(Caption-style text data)
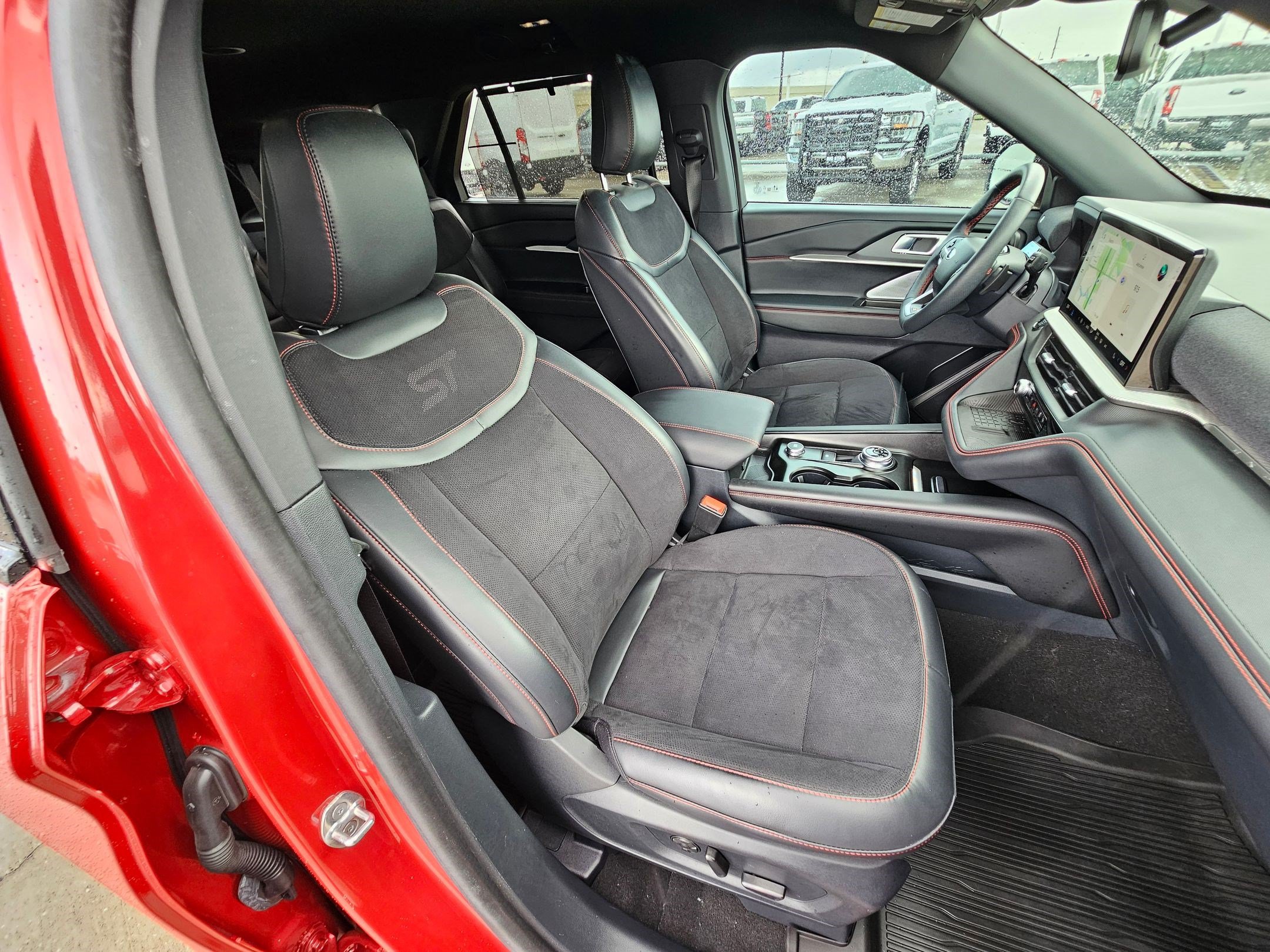 Certified 2025 Ford Explorer ST RWD image 33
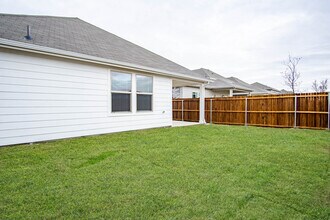 2353 Aspen Hl Dr in Heartland, TX - Building Photo - Building Photo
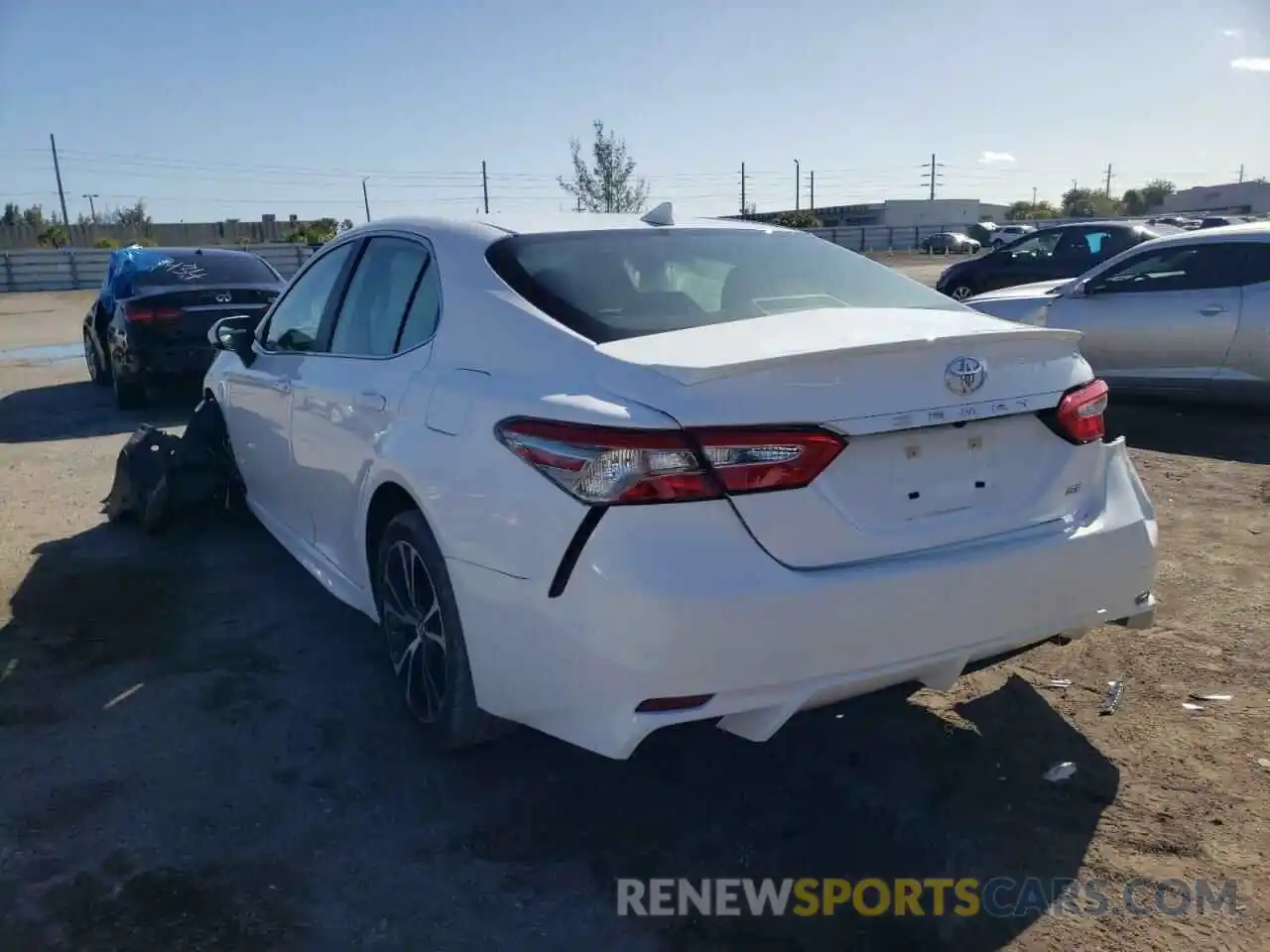 3 Photograph of a damaged car 4T1B11HK6KU797427 TOYOTA CAMRY 2019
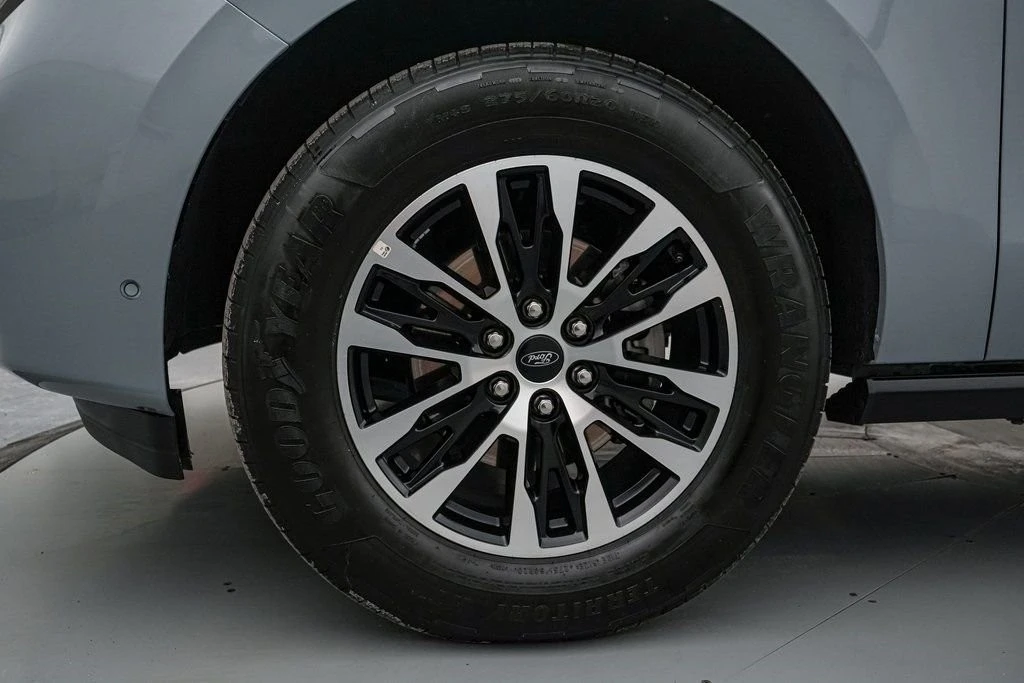 2025 Ford Expedition 5th Gen - Image 11 of 21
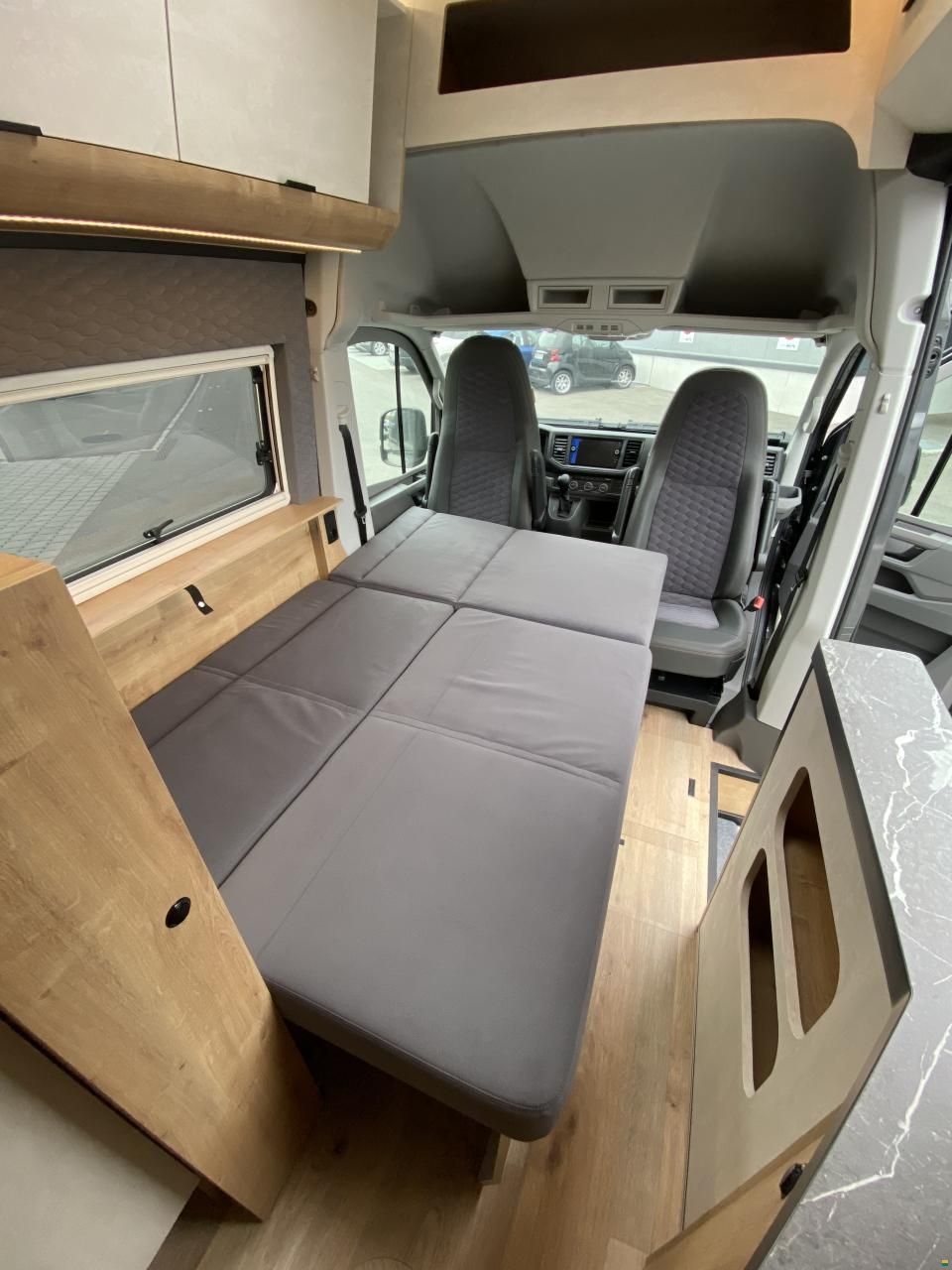 Globe-Traveller Falcon XS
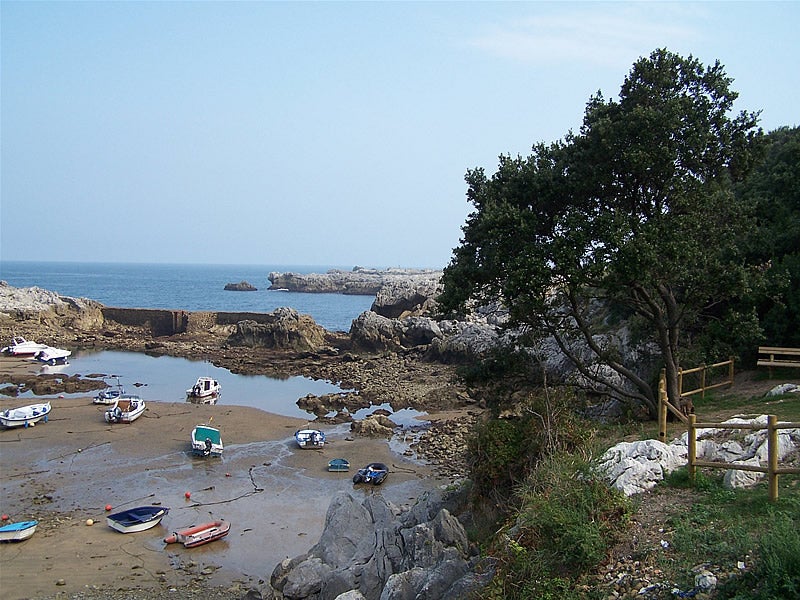 Aparece un cadáver de un hombre en la playa Las Arenillas de Galizano Aparece un cadáver de un hombre en la playa Las Arenillas de Galizano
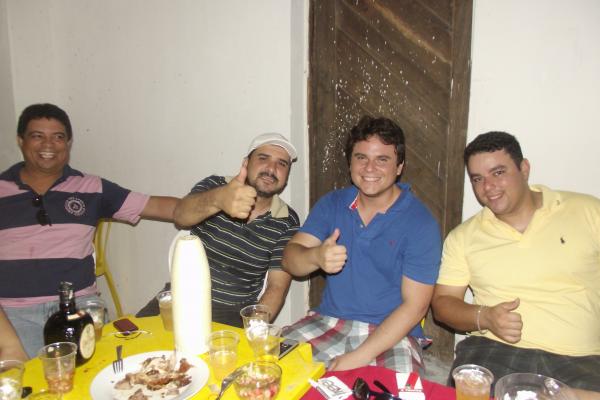 Confraterniza&ccedil;&atilde;o PMDB(Imagem:FlorianoNews)
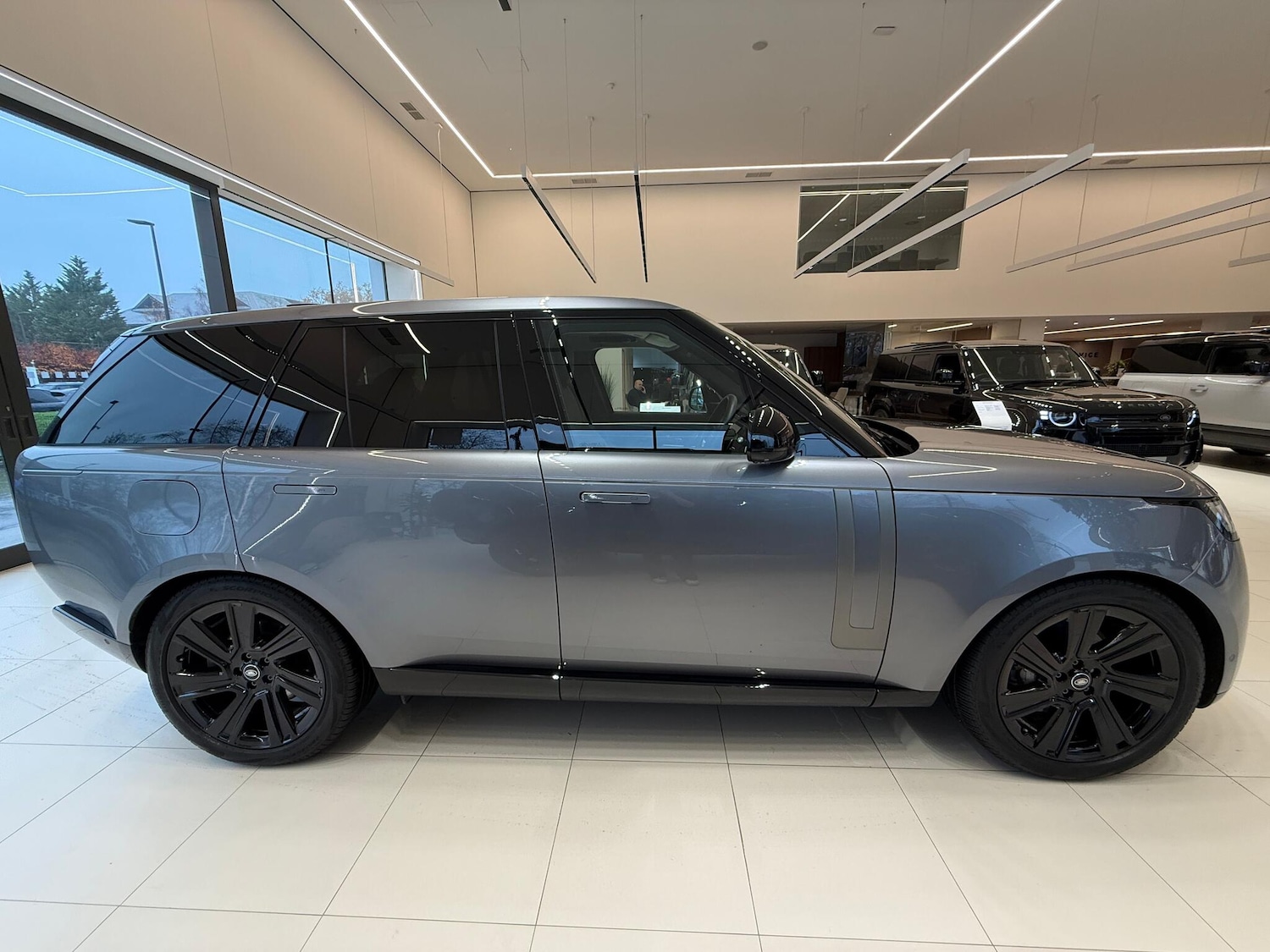 Used Land Rover Range Rover 2022 for sale - 77120307: Photo 2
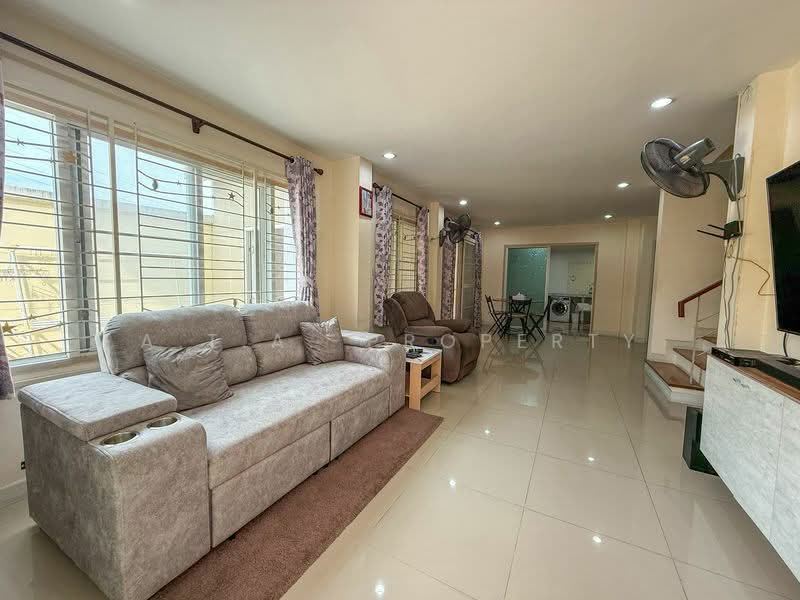 เดอะเซ็นทรัล 2 ชากค้อ ศรีราชา, Chon Buri (Pattaya), Surasak, Si Racha, Chon Buri (Pattaya), 3 Bedrooms, 120 sqm, Townhouse For Sale, by A.T.A. Property, 500174788 - DDproperty.com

### REQUIRED WORK
Leaving all pictures aside, print exactly the lines from the one that contains "de Galizano Aparece" through the last line of the data above, inclusive.

### EXERCISE OUTPUT
 Aparece un cadáver de un hombre en la playa Las Arenillas de Galizano Aparece un cadáver de un hombre en la playa Las Arenillas de Galizano
 Confraterniza&ccedil;&atilde;o PMDB(Imagem:FlorianoNews)
 Used Land Rover Range Rover 2022 for sale - 77120307: Photo 2
 เดอะเซ็นทรัล 2 ชากค้อ ศรีราชา, Chon Buri (Pattaya), Surasak, Si Racha, Chon Buri (Pattaya), 3 Bedrooms, 120 sqm, Townhouse For Sale, by A.T.A. Property, 500174788 - DDproperty.com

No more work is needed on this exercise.